Education puts Cairo one step towards getting rid of its nemesis: solid waste.
Within a 3 minute walk down Cairo’s streets, an environmentalist is bound to have an apoplectic fit: litter lies everywhere. Tiny trash bins – rare jewels – overflow with containers and water (read more about Cairo’s tap water) bottles that will live on long after the residents who used them are gone. And the Nile itself – that mighty river, the longest in the world – carries human debris north to the hapless dumping grounds that is the Mediterranean.
The numbers are overwhelming: the country’s current population is at least 80 million, while 16 million people spill out of the capital city’s cramped confines. Meanwhile, ecooptionsegypt.com, a blog committed to sustainability in Egypt, lists only 6 NGOs involved with environmental issues.
There is also a dearth of government solutions. The Zabbaleen, who used to collect, sort and re-purpose solid waste, and fed organic waste to their pigs, were replaced by the government in favor of a more modern system.
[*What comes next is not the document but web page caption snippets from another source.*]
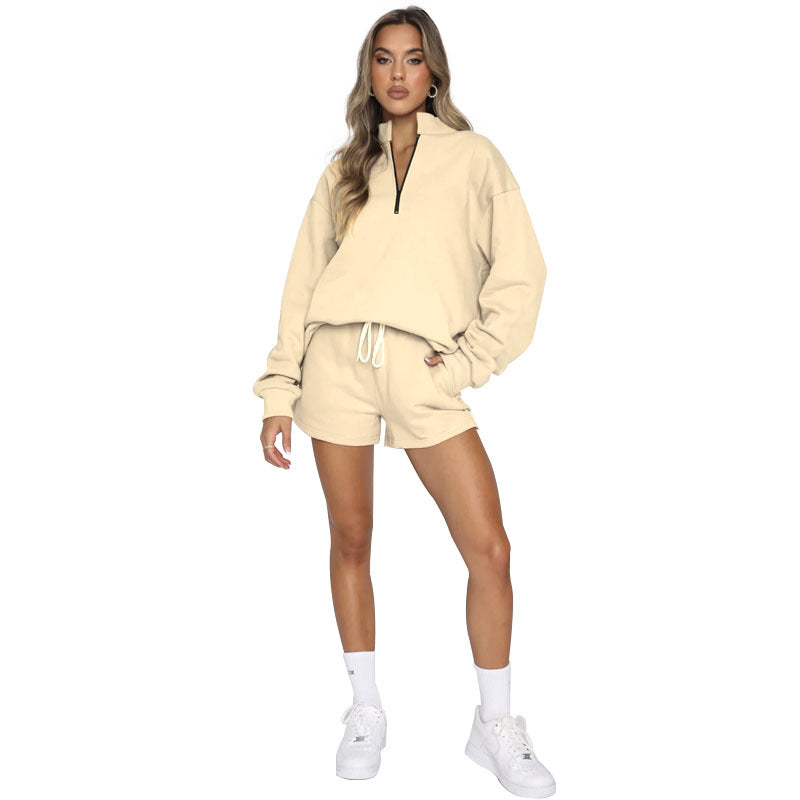 Autumn Winter Solid Color Stand Collar Zipper Pullover Long Sleeve Sweater Women Shorts Set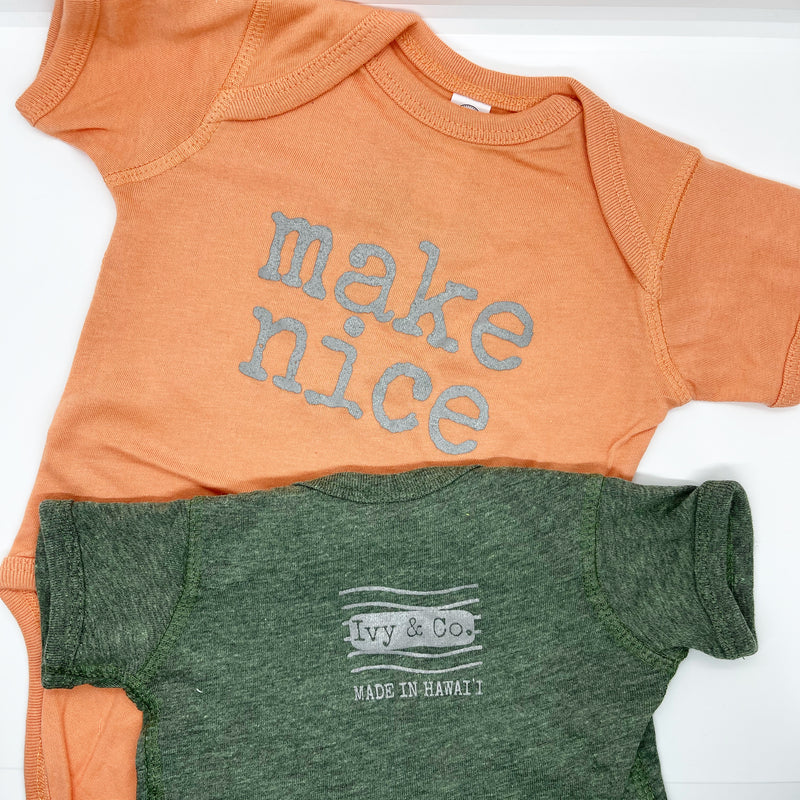 make nice - BABY onesies - SALE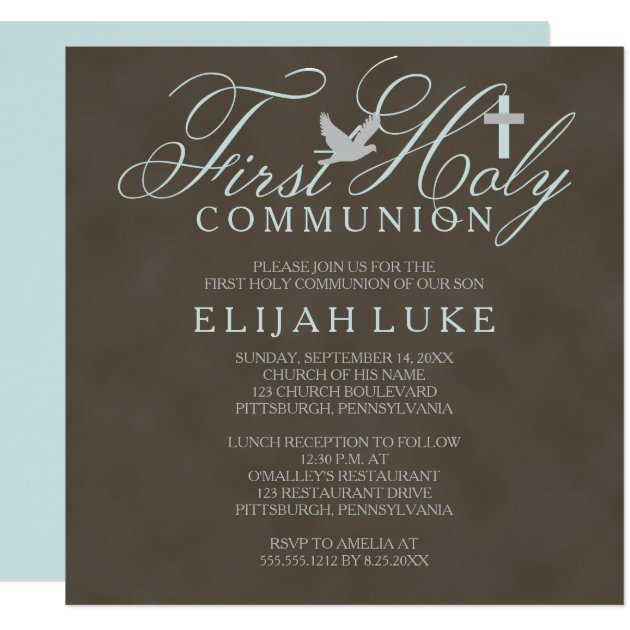 1st Holy Communion Boy Dove Cross Brown Distressed Invitation
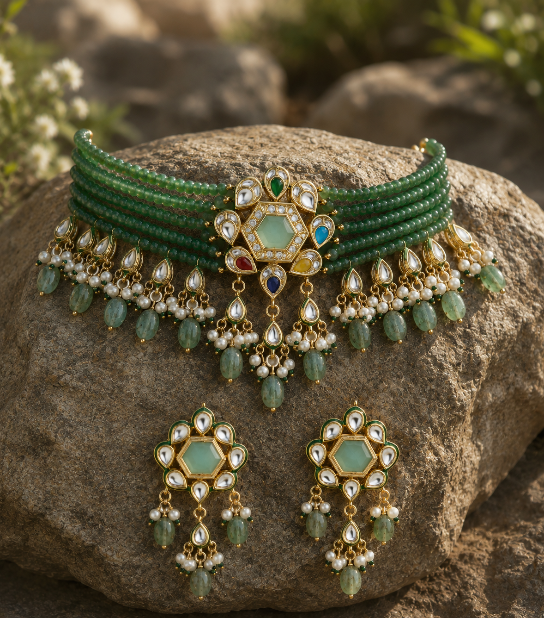 Green Beaded Polki Choker Set with Statement Earring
However, the city’s effort to modernize the system fell short in part because they failed to pay a fair wage to this historically efficient group of waste-gatherers who then lacked incentive to help.
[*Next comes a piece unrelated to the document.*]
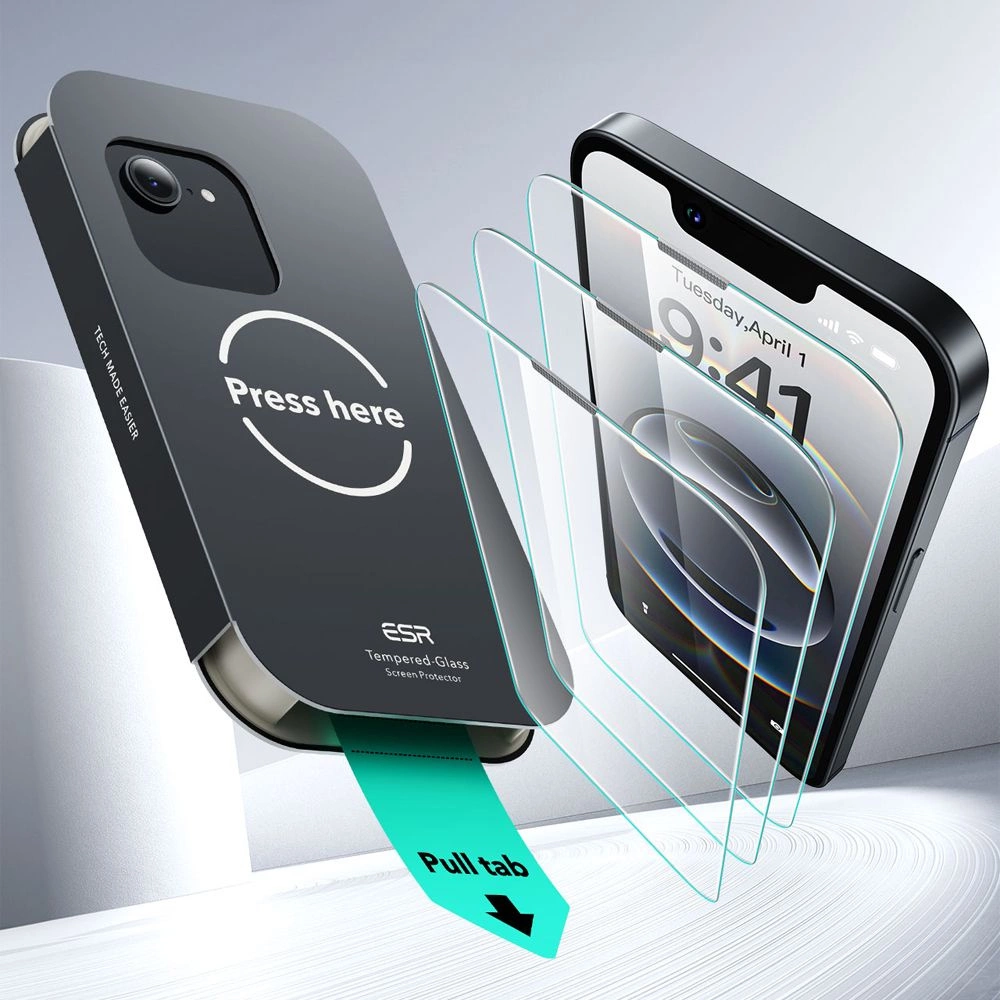 ESR UltraFit Tempered Glass 2-pack case for iPhone 13 / 13 Pro / 14 / 16eeng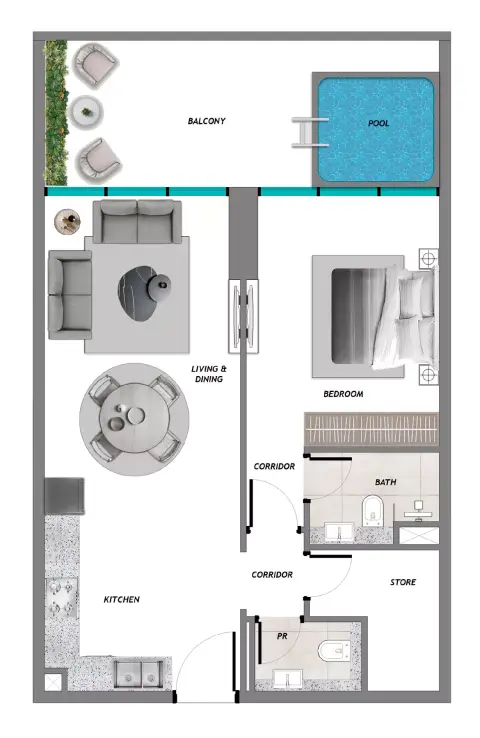 Samana Resorts: Floor plan Type B, 919 sq ft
Egypt finally adopted a National Strategy for Integrated Municipal Solid Waste Management in 2000. This resulted in the development of: a government committee charged with oversight, economic incentives, and privatized services that are financed by tax on electricity.
On the street, the change is not seen.
The Mediterranean Environmental Technical Assistance Program claims the “country will face a cycle of rising costs to address ever increasing quantities of waste and will have limited or no ability to correct the situation.”
Therefore, the government has to approach waste management from several angles, namely “(i) strengthened supportive capacity of central government; (ii) application of the polluter pay principle; (iii) application of the principle of attaching an economic value to wastes as being recoverable resources; and (iv) enhanced public awareness and community participation in waste management systems.”
This means in part that citizens must become involved.
[courtesy of Tina Jaskolski]
To this end, the American University of Cairo is doing their part. They recently established the Sustainable Campus Committee, a subgroup of the Desert Development Center, composed of 20 volunteers committed to “bring together people interested in the environment from around AUC’s campus, to pool ideas and develop strategies for making AUC’s campus more sustainable,” Tina Jaskolski told ecooptionsegypt.
One of their first activities was held in honor of earth day, and focused on waste management. The group visited 20 AUC departments and educated 121 staff members about effective waste management during April.
Although this may seem like a small dent in an enormous junkyard of scrapped cars, and it is, especially given the group’s focus on the university campus, it is also an important step towards cleaning up greater Cairo.
Their work also brings to mind Margaret Mead’s words: “never doubt that a small group of thoughtful committed citizens can change the world; indeed, it’s the only thing that ever does.”